Aside from hosting the World Internet Conference to actively construct an international platform for dialogue, and other beneficial moves, China has also begun to directly participate in key decision-making on important issues in the international governance of cyberspace. As China participates more actively and comprehensively in the global experience of cyberspace governance, an entirely new pattern will arise in terms of the international governance system for global cyberspace.
China’s confidence in promoting changes to the global governance structure for cyberspace must ultimately rely on support from technology, standards, infrastructure, [network] access equipment, critical applications and core capacity.
On September 25, President Xi Jinping held a joint press conference in Washington with U.S. President Barack Obama. Xi Jinping pointed out that China and the United States, as two major cyber powers (网络大国), must strengthen dialogue and cooperation, and that friction and opposition are not viable choices.
China and the United States have reached an important agreement on working together to combat cyber crimes, agreeing to strengthen joint investigations and information sharing. The governments on both sides agreed not to engage in or knowingly support the online theft of intellectual property . . . .

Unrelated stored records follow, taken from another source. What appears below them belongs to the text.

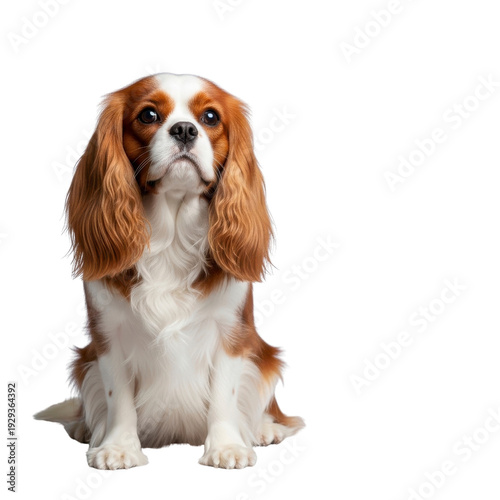 Cavalier King Charles Spaniel dog sitting attentively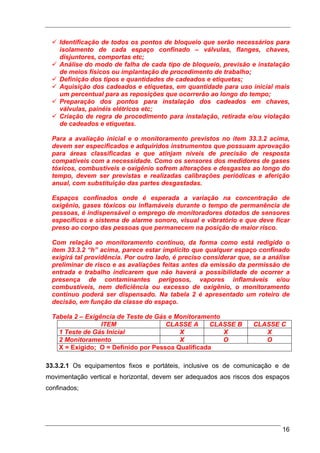 Identificação de todos os pontos de bloqueio que serão necessários para
    isolamento de cada espaço confinado – válvulas, flanges, chaves,
    disjuntores, comportas etc;
    Análise do modo de falha de cada tipo de bloqueio, previsão e instalação
    de meios físicos ou implantação de procedimento de trabalho;
    Definição dos tipos e quantidades de cadeados e etiquetas;
    Aquisição dos cadeados e etiquetas, em quantidade para uso inicial mais
    um percentual para as reposições que ocorrerão ao longo do tempo;
    Preparação dos pontos para instalação dos cadeados em chaves,
    válvulas, painéis elétricos etc;
    Criação de regra de procedimento para instalação, retirada e/ou violação
    de cadeados e etiquetas.

  Para a avaliação inicial e o monitoramento previstos no item 33.3.2 acima,
  devem ser especificados e adquiridos instrumentos que possuam aprovação
  para áreas classificadas e que atinjam níveis de precisão de resposta
  compatíveis com a necessidade. Como os sensores dos medidores de gases
  tóxicos, combustíveis e oxigênio sofrem alterações e desgastes ao longo do
  tempo, devem ser previstas e realizadas calibrações periódicas e aferição
  anual, com substituição das partes desgastadas.

  Espaços confinados onde é esperada a variação na concentração de
  oxigênio, gases tóxicos ou inflamáveis durante o tempo de permanência de
  pessoas, é indispensável o emprego de monitoradores dotados de sensores
  específicos e sistema de alarme sonoro, visual e vibratório e que deve ficar
  preso ao corpo das pessoas que permanecem na posição de maior risco.

  Com relação ao monitoramento contínuo, da forma como está redigido o
  item 33.3.2 “h” acima, parece estar implícito que qualquer espaço confinado
  exigirá tal providência. Por outro lado, é preciso considerar que, se a análise
  preliminar de risco e as avaliações feitas antes da emissão da permissão de
  entrada e trabalho indicarem que não haverá a possibilidade de ocorrer a
  presença de contaminantes perigosos, vapores inflamáveis e/ou
  combustíveis, nem deficiência ou excesso de oxigênio, o monitoramento
  contínuo poderá ser dispensado. Na tabela 2 é apresentado um roteiro de
  decisão, em função da classe do espaço.

  Tabela 2 – Exigência de Teste de Gás e Monitoramento
                  ITEM                CLASSE A      CLASSE B        CLASSE C
    1 Teste de Gás Inicial                X            X               X
    2 Monitoramento                       X            O               O
    X = Exigido; O = Definido por Pessoa Qualificada

33.3.2.1 Os equipamentos fixos e portáteis, inclusive os de comunicação e de
movimentação vertical e horizontal, devem ser adequados aos riscos dos espaços
confinados;




                                                                              16
 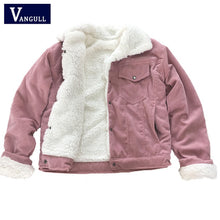 Load image into Gallery viewer, VANGULL Women Winter Jacket Thick Fur Lined Coats Parkas Fashion Faux Fur Lining Corduroy Bomber Jackets Cute Outwear 2019 New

This is not the first time China’s government has made its voice heard on the issue of international cooperation over cyberspace.

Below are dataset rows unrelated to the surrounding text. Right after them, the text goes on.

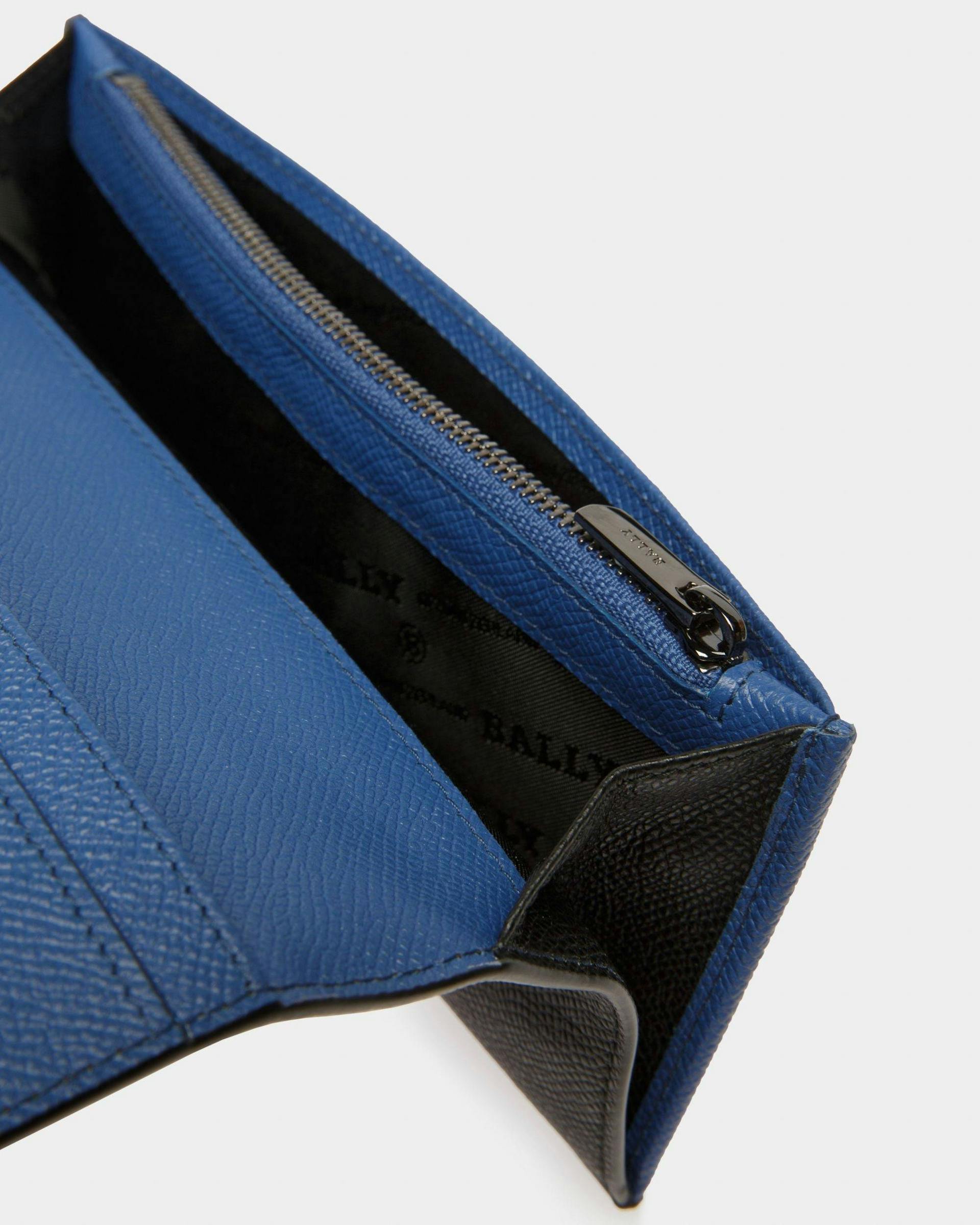 Baliro Leather Continental Wallet In Black & Blue - Men's - Bally - 04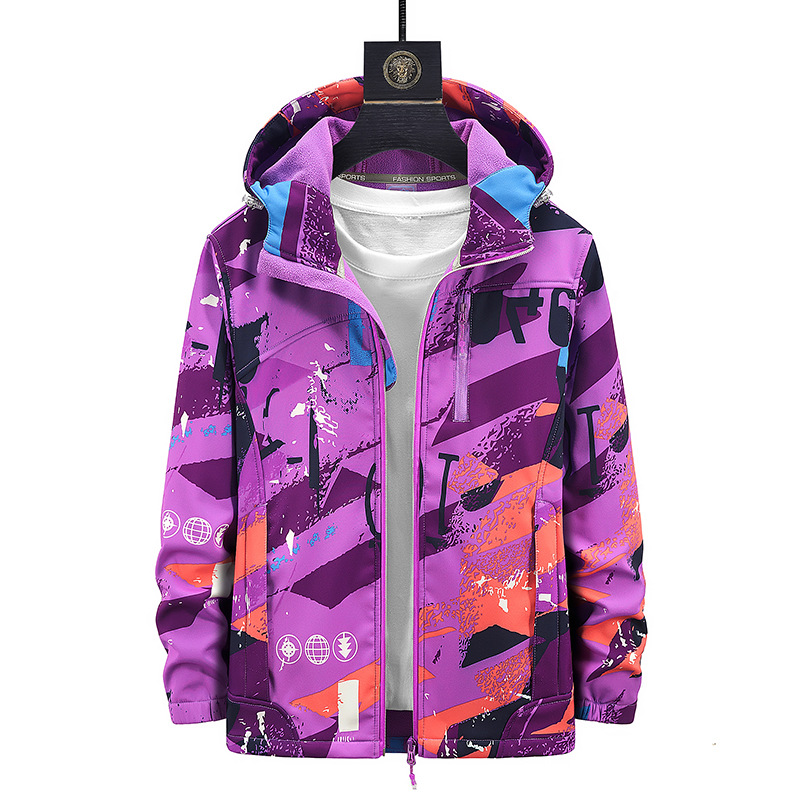 Camouflage Soft Shell Jacket Men's plus size All-match Anti-splashing Single Jacket Warm Windproof Outdoor Couple's Coat Women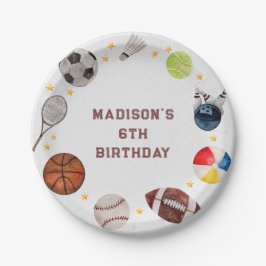Plato De Papel Niños Deportivos Fiesta de cumpleaños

In a written address to the first World Internet Conference, held in November 2012, Xi Jinping pointed out that various nations, on the basis of mutual respect, must deepen international cooperation, respecting [the principle of] Internet sovereignty, protection cyber-security, and mutually working to build a peaceful, secure, open and cooperative online space, and a multi-faceted, democratic and transparent international Internet governance system.
Experts in China and the United States have given great attention to the relevant speeches by Xi Jinping [on this issue].
James Andrew Lewis, director of the Strategic Technologies Program at the Centre for Strategic and International Studies, wrote in a recent blog post that negotiations between China and the United States over cyber-security are “a welcome development.”
Yu Xiaoqiu (俞晓秋), a researcher at the China Center for Overseas Social and Philosophical Theories at the Central Compilation and Translation Bureau (CCTB), has said that while various countries in the world are divided on questions of cyber-security, there are mutual interests at stake and there is also real and potential space for cooperation: “If China and the United States maintain an attitude of mutual respect, pay attention to one another’s concerns, if they do not engage in confrontation over cyber-security or remain divided over management and control (管控分歧, [choosing rather] to advance cooperation, only then can overall relations between the two countries develop steadily and peacefully.” Developing Countries Are Still Kept on the Margins
The “2014 China Internet Cyber-security Report” issued by the National Computer Network Emergency Response Coordination Centre (CNCERT/CC) states that in 2014 the number of phishing websites threatening out country’s domestic websites totalled 99,409, affecting 6,844 IP addresses. . . . These numbers indicate that cyber-security is a problem the international community faces together, and we must strengthen international cooperation to deal with the issue.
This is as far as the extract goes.